The pictures stay out. Please retype every line below exactly.

Records drawn from a dataset
Content starts

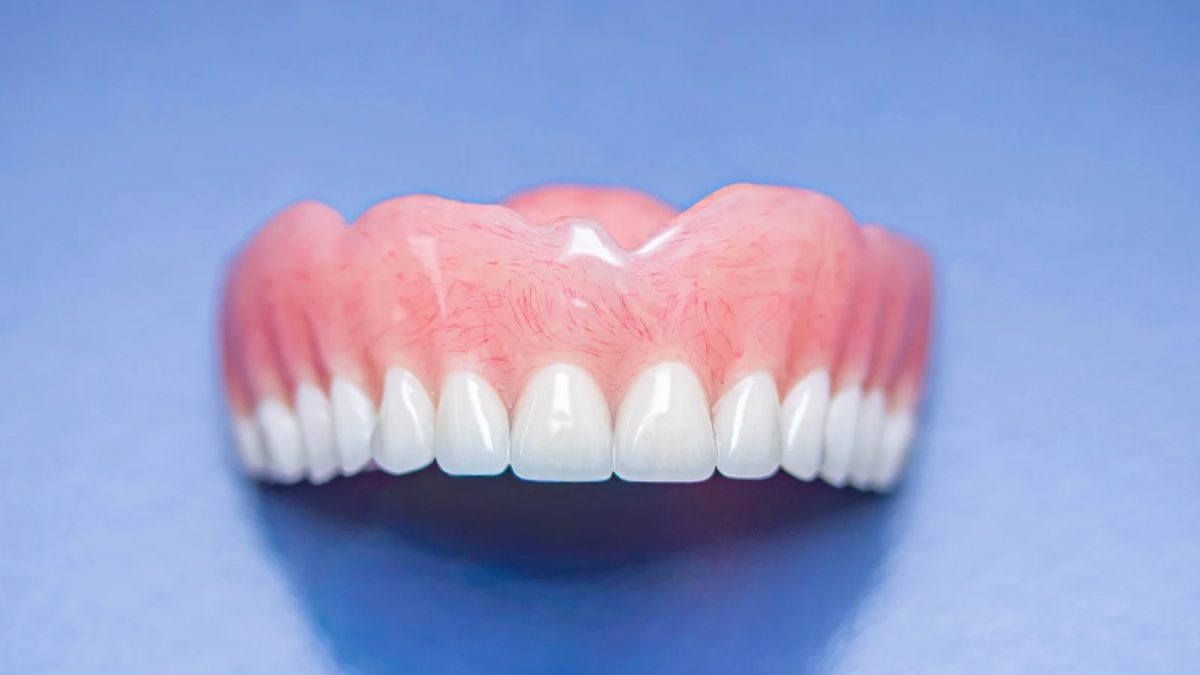 Digitally printed upper denture at the IDA bench, the workflow used for an immediate denture case
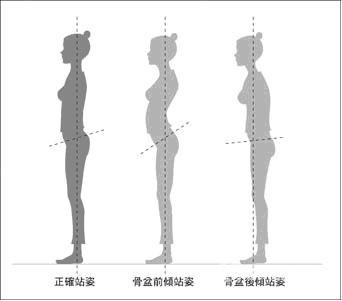 表現: 骨盆前傾最明顯的症狀是臀部後凸, 腰臀比,bmi值和體重都在正常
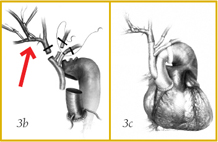 Figure 3b and 3c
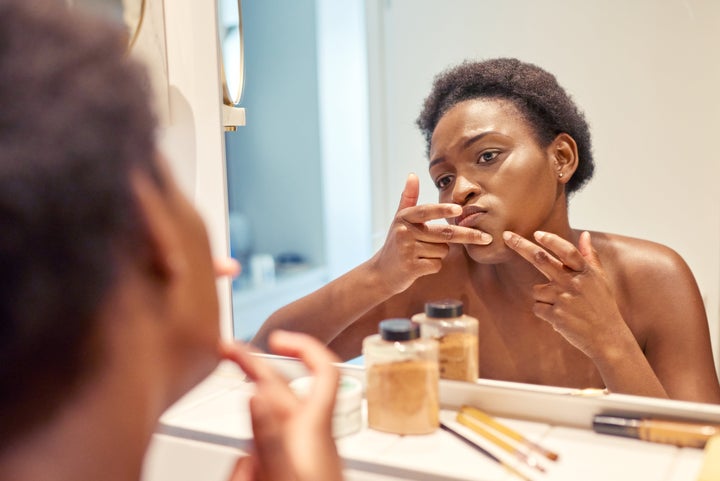 Putting toothpaste on your zit may be better than popping it, but aestheticians still don't recommend it.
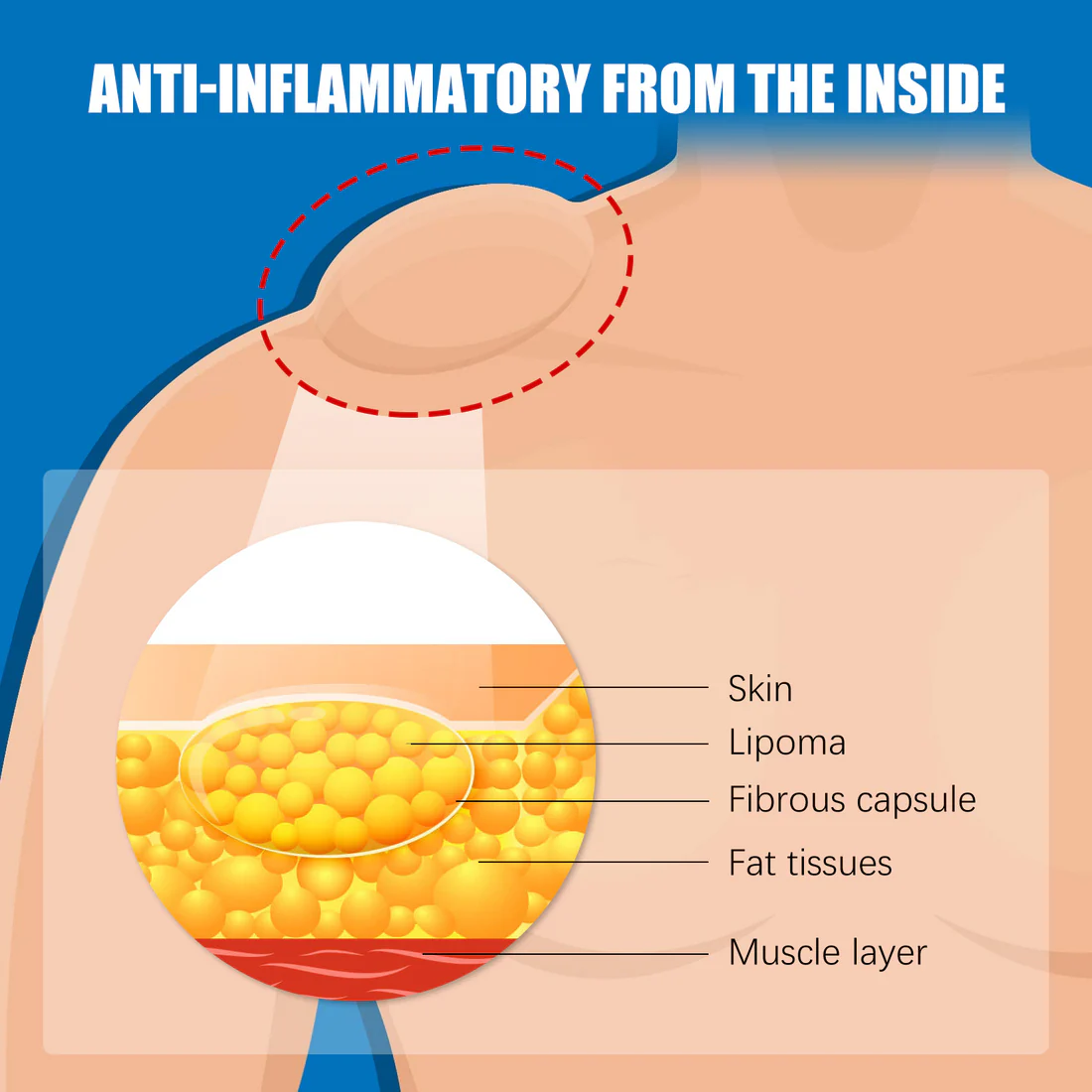 Cvreoz™ Bee Venom Lipoma Removal Cream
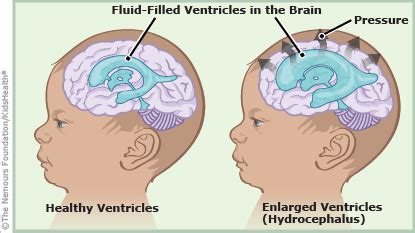 Hydrocephalus: It's All In Your Head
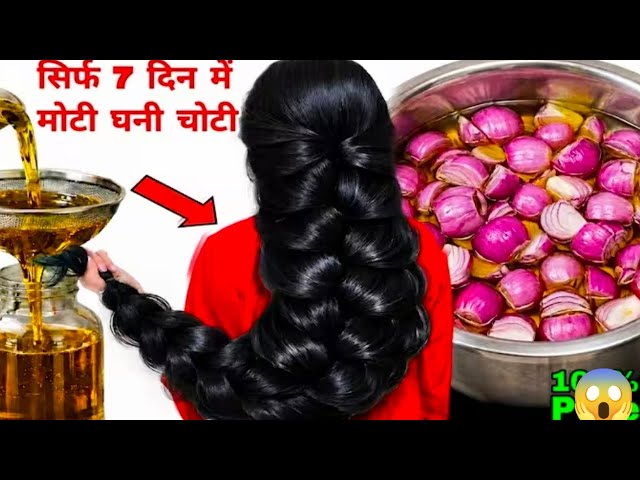 Home Made Onion Hair Growth Oil for Extreme Hair Growth/How To Make Onion Hair Growth Oil At Home 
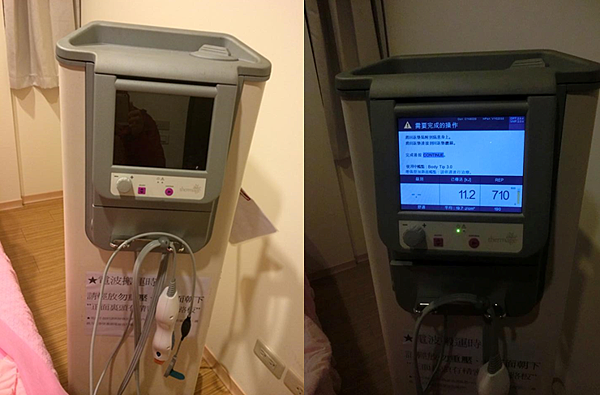 星和_電波拉皮＋晶亮瓷填補下巴_貴婦04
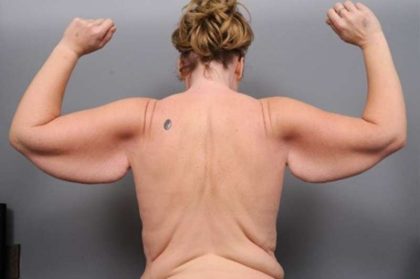 Arm Lift Before & After Patient #795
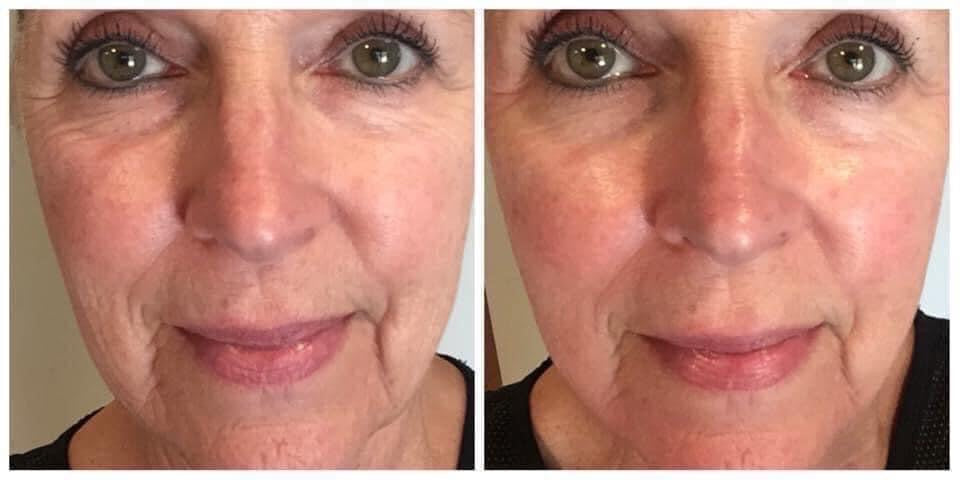 180° AHA Facial Peel and Neutralizer - Batavia Beauty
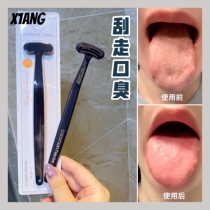 Did you brush your tongue today) South Korea commonHaus tongue cleaner scrapes bacteria to remove bad breath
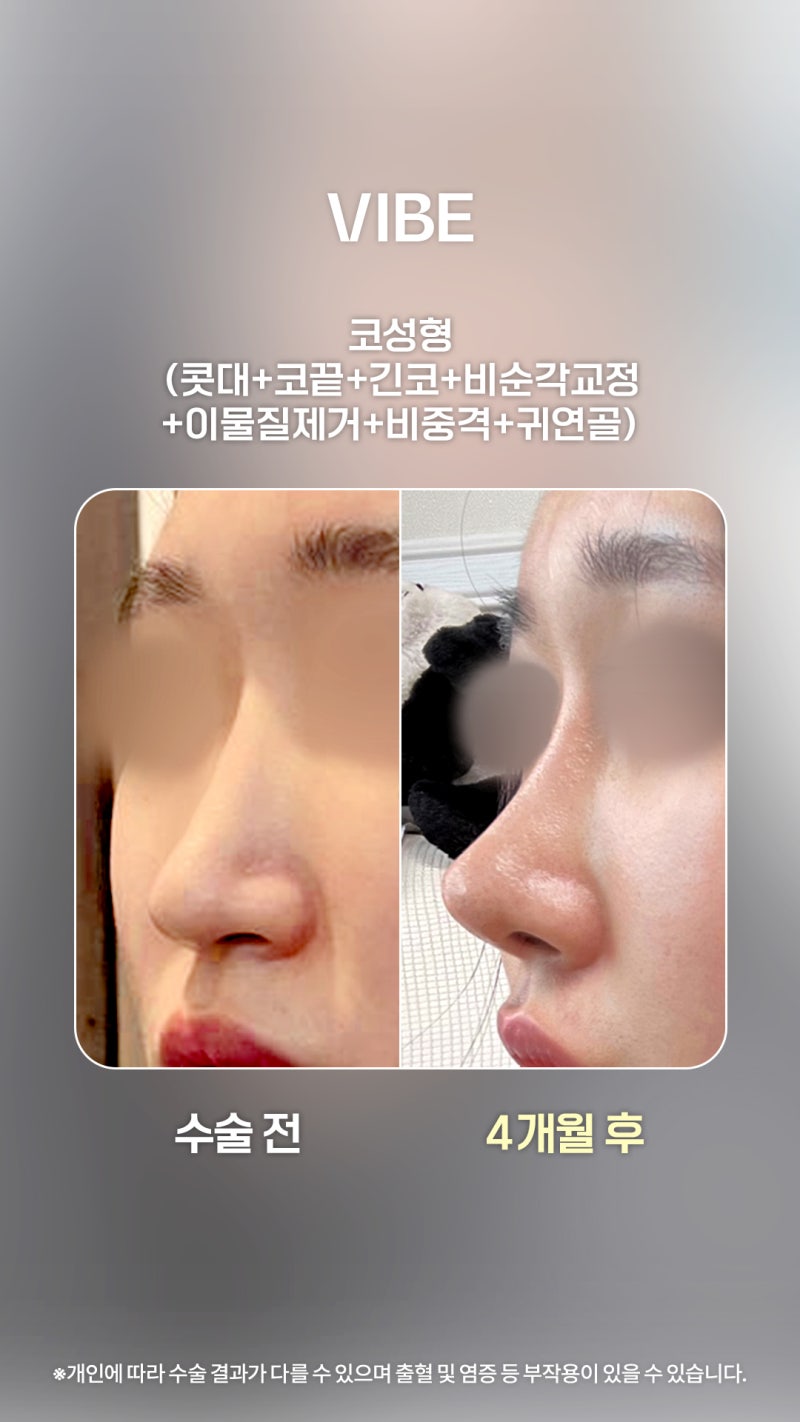Kasus Meninggikan Hidung dengan Operasi Setelah Sebelumnya Menggunakan Prosedur Non-Bedah!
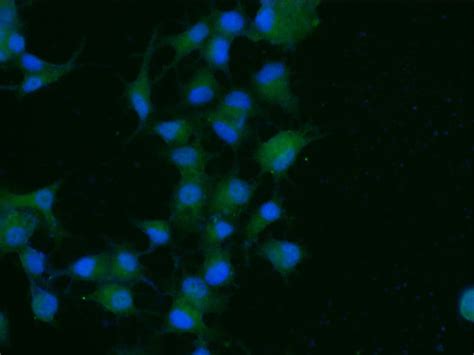 Recombinant Anti Prolactin Receptor Prl R Antibody Bsa And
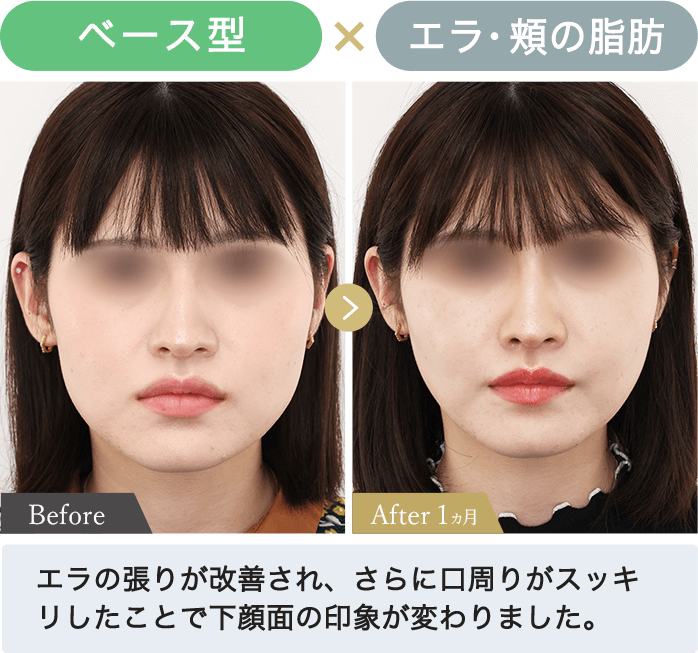 ベース✕エラ・頬の脂肪｜エラの張りが改善され、さらに口周りがスッキリしたことで下顔面の印象が変わりました。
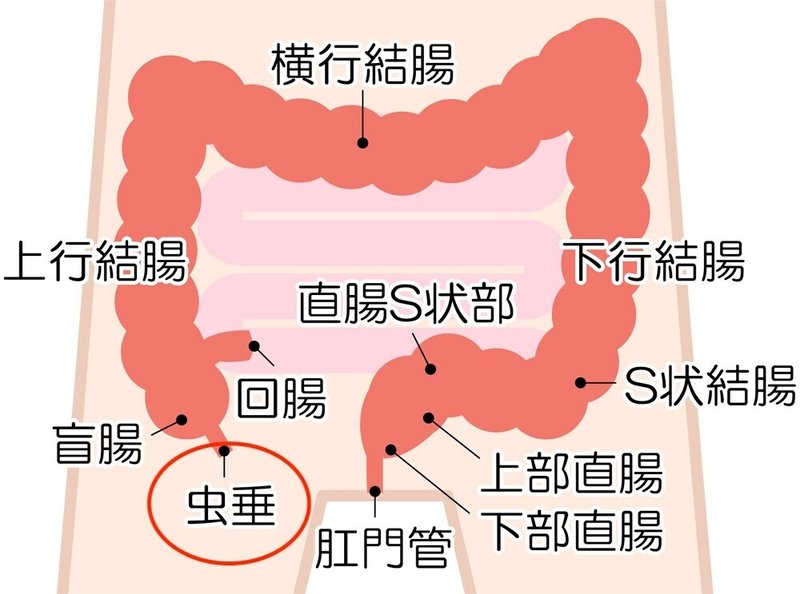 虫垂炎　大腸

Content ends

The completed task
 Digitally printed upper denture at the IDA bench, the workflow used for an immediate denture case
 表現: 骨盆前傾最明顯的症狀是臀部後凸, 腰臀比,bmi值和體重都在正常
 Figure 3b and 3c
 Putting toothpaste on your zit may be better than popping it, but aestheticians still don't recommend it.
 Cvreoz™ Bee Venom Lipoma Removal Cream
 Hydrocephalus: It's All In Your Head
 Home Made Onion Hair Growth Oil for Extreme Hair Growth/How To Make Onion Hair Growth Oil At Home 
 星和_電波拉皮＋晶亮瓷填補下巴_貴婦04
 Arm Lift Before & After Patient #795
 180° AHA Facial Peel and Neutralizer - Batavia Beauty
 Did you brush your tongue today) South Korea commonHaus tongue cleaner scrapes bacteria to remove bad breath
Kasus Meninggikan Hidung dengan Operasi Setelah Sebelumnya Menggunakan Prosedur Non-Bedah!
 Recombinant Anti Prolactin Receptor Prl R Antibody Bsa And
 ベース✕エラ・頬の脂肪｜エラの張りが改善され、さらに口周りがスッキリしたことで下顔面の印象が変わりました。
 虫垂炎　大腸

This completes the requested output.